Stocks and Shares for Beginners:
Stocks and shares are two of the most common phrases when it comes to investing and when discussing money in general. They are often seen to be complex, but are they really as daunting as they seem? The short answer is no.
What are stocks and shares?
Although the words 'stocks' and 'shares' are often used interchangeably and are very similar, they have slightly different meanings. The main difference is when you say that you own a 'share', you are saying you have a single unit of ownership in a business, shares can be seen as the unit of a stock. If you say you have 'stocks' in a business, you are saying that you own a fraction of a company, in broader terms).
Why invest in stocks and shares?
Simply put, companies issue out shares to raise money for operations, people buy these shares if they believe a company is going to perform well, believing that there is a chance to be returned more than they initially invested.
Investing correctly can lead to a return on investment. As the value of the company you invested in increases, so does the value of the stocks/shares you own. For example, if a company is worth £200 million, and there are 50 million shares, each share is worth £4. If you wanted 50 shares in this company, it would cost you £200. If this companies value increases, for example to £250 million, then the value of your shares will also increase, meaning the value of your shares has now risen to £250, making you £50. This is the main reason people invest in very basic terms.
If you're lucky enough to invest in a company that offer dividends, then you have another potetnial benefit if you're thinking about investing. Some companies offer dividends to shareholders. Meaning if the company that you invested in has a successful period generating profit, then they will give back to investors. This could be in the form of cash, more shares or other assets. As mentioned, only some companies offer dividends, and the amount given back or the regularity of the dividends will change depending on the company, so don't expect to receive dividends automatically when investing!
How to invest in stocks and shares?
Now you should have an understanding what stocks and shares are, and why people invest in stocks and shares, it's time to understand how you go about investing.
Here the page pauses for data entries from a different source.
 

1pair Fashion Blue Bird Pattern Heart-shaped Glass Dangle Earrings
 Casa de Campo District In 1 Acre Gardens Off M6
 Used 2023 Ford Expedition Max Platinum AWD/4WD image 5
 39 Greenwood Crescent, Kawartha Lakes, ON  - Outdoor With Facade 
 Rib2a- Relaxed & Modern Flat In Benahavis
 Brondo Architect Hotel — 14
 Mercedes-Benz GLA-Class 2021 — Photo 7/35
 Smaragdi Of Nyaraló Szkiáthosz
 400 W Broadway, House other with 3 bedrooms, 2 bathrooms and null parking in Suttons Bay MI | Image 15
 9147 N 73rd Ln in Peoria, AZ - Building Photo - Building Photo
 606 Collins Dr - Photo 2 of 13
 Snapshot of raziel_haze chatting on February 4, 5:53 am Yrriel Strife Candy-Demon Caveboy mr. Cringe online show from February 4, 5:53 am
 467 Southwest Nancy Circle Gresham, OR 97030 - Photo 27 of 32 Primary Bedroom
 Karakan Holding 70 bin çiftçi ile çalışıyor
There are many ways to invest, however the most common way to invest in stocks and shares is through the stock market.
A stock exchange is a platform for companies to sell their stocks to public investors. There are lots to choose from which operate globally. Some of which include: the New York Stock Exchange (NYSE), the London Stock Exchange (LSE), and the Tokyo Stock Exchange (TSE) (Note that these different exchanges have unique rules and regulations that govern how people can invest).
So if you choose to invest within the London Stock Exchange, you have a choice of over 1,000 companies with an overall value of £3.9 trillion, to invest in.
Once you have decided the LSE is your choice, you need to find a broker (a person or service that provides access to the stock exchange), then you'll need to open a brokerage account (the account that holds your investment funds), once you have the account you can put however much money you feel comfortable investing onto the account, then you have to choose which company/ies to invest in and how many shares you want. Finally you invest the funds and patiently wait and hope that you see a positive return on your investments!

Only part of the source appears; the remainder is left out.